Kars'a ilk geldiğimde 2 yaşındaymışım. Eniştemin görevi dolayısı ile teyzemler burada yaşadılar bir süre. Bende rahmetli annemle, onları ziyarete gelmişim. Seneler sonraki gelişimde teyzemlerin evini bulup, gördüm. Resimlerini çekip teyzemlere götürdüm. Çok duygulandılar. İşte Kars Çayı tam teyzemlerin evinin önünden akardı. Hayal meyal hatırlıyorum. Gülmeyin gerçekten. Çayın üstünde Taş Köprü, yanında Ebul Hasn El - Harakani Türbesi ( Ahmed Yesevi ve Mevlana'nında etkilendiği ) , Mazlumağa Hamamı, Kars Kalesi gez gez bitmiyor. İnanın çok keyif verici bir şehir Kars. Bu sefer Mazlumağa Hamamını gezerken, hamamın bekçisinin, Kars'ta bulunan Ruslardan kalma tarihi binaların tümünün taştan ( birebir aynısı ) maketini yaptığını öğrendim. Çok etkilendim çünkü hiç bir eğitimi yok bekçi Teslim'in.

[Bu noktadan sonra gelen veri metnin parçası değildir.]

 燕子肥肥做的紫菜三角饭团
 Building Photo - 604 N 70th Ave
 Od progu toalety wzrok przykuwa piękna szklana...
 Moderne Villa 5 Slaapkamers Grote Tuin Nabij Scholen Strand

Kars Arkeoloji Müzeside çok zengin bir müze. Bahçesinde Rusların Kazım Karabekir Paşa'ya hediye ettiği beyaz tren vagonu sergileniyor.
Kars'ın içinde gezilecek çok yer var gördüğünüz gibi. Birde şu ayrıntıyı söylemeden geçmiyeyim. Eski Rus evlerinde petch sistemi denilen bir yöntemle ısıtma yapılıyormuş. Duvarların arasından geçen bacalar, odaların ısınmasını sağlıyormuş. Yani o dönemde kalorifer.

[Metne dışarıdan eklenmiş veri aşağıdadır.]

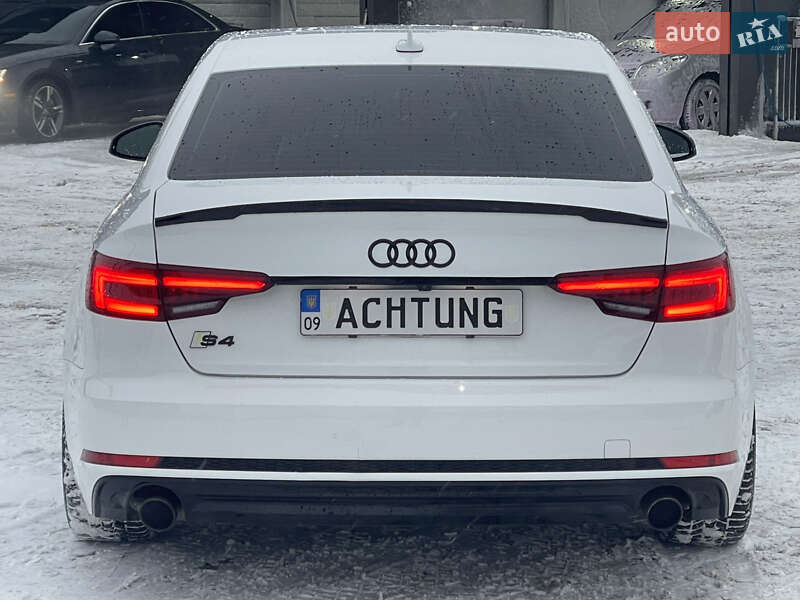 Седан Audi A4 2017 в Ивано-Франковске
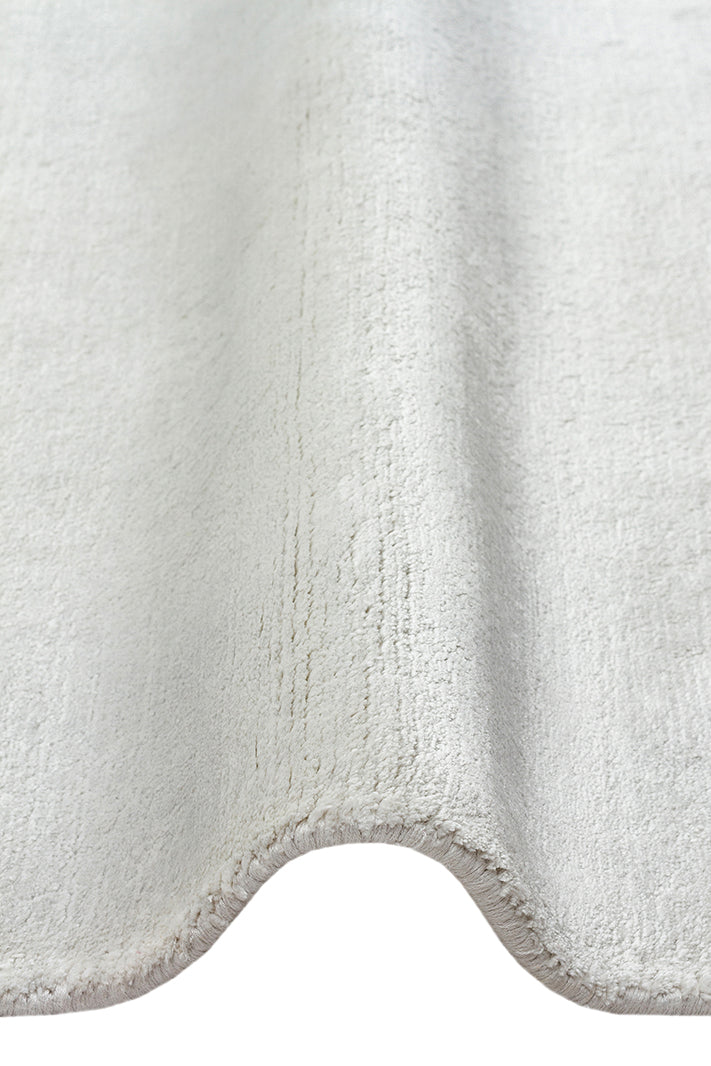 Pier Silver, El Dokuma Teknikleri ile %100 Naturel Viskondan üretilen Sade Tek Renk Salon Halısı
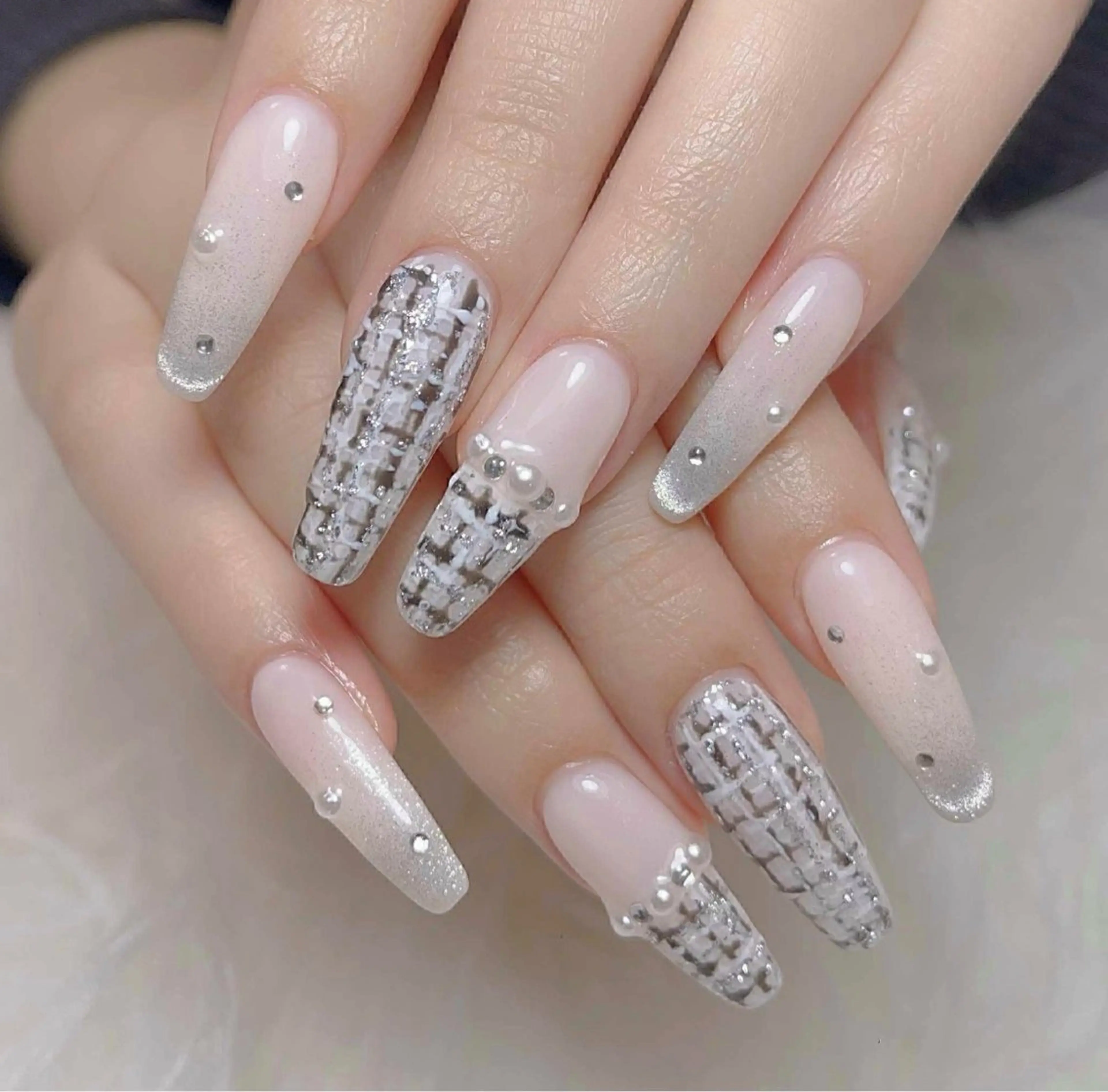 ネイル 長さ出し フレンチネイル 韓国ネイル レース マグネットネイル yuna ユナのネイルデザイン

Ay birde unutuyordum. Kars deyince, kaz geliyor aklımıza. Çok meşhur kaz burada. Kaz kışın yeniyormuş. Yani iyisi. Yoksa her mevsim mevcut çünkü kurutuluyor. İstediğiniz zaman yiyebiliyorsunuz. Ama bilenler kış diye israr ediyorlar.
Size şimdi Kars'ta kaldığımız süre boyunca , evimiz gibi hissettiğimiz otellerimizde bizlere evsahipliği yapan müdürlerimiz: Halit ve Hasan 'a.
Halit ve Hasan Kars'ın yetiştirdiği temiz, saygılı, çalışkan ve kıymet bilir gençlerden ikisi. Başta çok iyi dostlar. İki ayrı otelin müdürleri olmaları onların dostluklarını daha da pekiştirmiş. Onu gözlemledim. Deneyimli olan Halit, Hasan'a nasıl destek olabilirim diye paralanıyor. Bizleri uçağa kadar yolculadılar. Ne diyeyim yolları açık olsun.
Bu günlük bu kadar diyelim. Yarın Kars çevre gezilerimizi anlatıcam. Fotoğrafda eklemek istiyorum. İyi geceler.